My friend, once your marriage degenerates into this, it doesn't really matter any more. I could be hosting VR orgies at the lab (*) and it still wouldn't matter. 

Now, about that calamari... It was awesome. Last time I cooked it at home was in 1996. And the wine...

(*) We have the equipment...


----------



## EllaSuaveterre (Oct 2, 2016)

john117 said:


> That's the spirit
> 
> I'm painting the media wall book case right now - not a fun task because you must match airsprayed paint texture with a brush - and will be up till 1 am. Meanwhile she's watching CNN and went to sleep at 9:30 pm.
> 
> ...



You know yourself from everything that other betrayed spouses have posted here that it DOES matter. I didn't think it would matter to my husband if I left, but I was wrong. Many cheating spouses do not believe their spouse loves or needs them anymore, but they all end up being wrong on D-day when they find out that their decisions have blown their mate apart! 

Please, do not flirt with or give gifts to or date or plan to pursue ANYONE until you divorce your wife first. As much as it will hurt you both to divorce, cheating on her will hurt you both a lot worse. Trust me.


----------



## john117 (May 20, 2013)

You're using the frame of reference of NormalPeople. That does not apply here I'm afraid.

Morality and ethics have left the building a long time ago. It's easy to ride one's moral high horse when one comes home to a loving and caring partner. It's a lot different otherwise. 

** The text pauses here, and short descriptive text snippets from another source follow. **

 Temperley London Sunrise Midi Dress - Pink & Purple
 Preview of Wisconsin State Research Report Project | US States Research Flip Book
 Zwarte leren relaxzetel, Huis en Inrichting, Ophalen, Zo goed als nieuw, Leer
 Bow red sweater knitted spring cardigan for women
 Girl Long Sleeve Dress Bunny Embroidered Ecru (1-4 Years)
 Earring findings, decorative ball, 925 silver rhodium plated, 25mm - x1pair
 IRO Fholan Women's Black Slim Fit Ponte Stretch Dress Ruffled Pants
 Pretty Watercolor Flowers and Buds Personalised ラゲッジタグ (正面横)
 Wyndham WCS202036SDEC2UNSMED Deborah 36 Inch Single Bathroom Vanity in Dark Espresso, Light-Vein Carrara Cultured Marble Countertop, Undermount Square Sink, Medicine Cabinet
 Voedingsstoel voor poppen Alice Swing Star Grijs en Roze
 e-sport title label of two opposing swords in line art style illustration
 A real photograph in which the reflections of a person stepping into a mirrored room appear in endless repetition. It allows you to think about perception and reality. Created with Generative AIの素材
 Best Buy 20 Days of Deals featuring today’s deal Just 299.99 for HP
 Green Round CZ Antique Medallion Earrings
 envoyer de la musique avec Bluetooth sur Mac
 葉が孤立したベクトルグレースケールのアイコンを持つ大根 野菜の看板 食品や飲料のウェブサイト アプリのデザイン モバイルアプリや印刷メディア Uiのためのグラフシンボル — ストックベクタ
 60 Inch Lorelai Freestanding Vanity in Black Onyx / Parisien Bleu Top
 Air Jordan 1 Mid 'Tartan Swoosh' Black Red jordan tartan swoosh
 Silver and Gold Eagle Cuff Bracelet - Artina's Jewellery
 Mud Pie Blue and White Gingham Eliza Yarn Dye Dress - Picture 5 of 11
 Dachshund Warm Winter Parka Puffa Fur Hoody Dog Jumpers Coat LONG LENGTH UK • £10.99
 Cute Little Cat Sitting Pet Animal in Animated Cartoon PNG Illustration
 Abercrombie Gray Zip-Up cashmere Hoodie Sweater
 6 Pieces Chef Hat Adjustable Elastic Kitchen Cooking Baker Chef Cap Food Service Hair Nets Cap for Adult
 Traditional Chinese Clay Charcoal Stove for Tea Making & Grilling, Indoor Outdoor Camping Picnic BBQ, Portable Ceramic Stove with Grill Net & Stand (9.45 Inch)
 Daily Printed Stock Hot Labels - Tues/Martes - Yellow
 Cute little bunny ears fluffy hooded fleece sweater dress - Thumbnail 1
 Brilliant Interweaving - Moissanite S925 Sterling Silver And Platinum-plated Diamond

The human mind has great inference capabilities. Perhaps she could use those capabilities of hers to ask herself what was her sister thinking when she eloped with her beau (half her age) and her two preteen kids in the back. She should also ask herself what was her sister thinking when driver beau rolled the car causing her death. How important was having a few moments of happiness? Important enough for her to buy the farm I suppose.


----------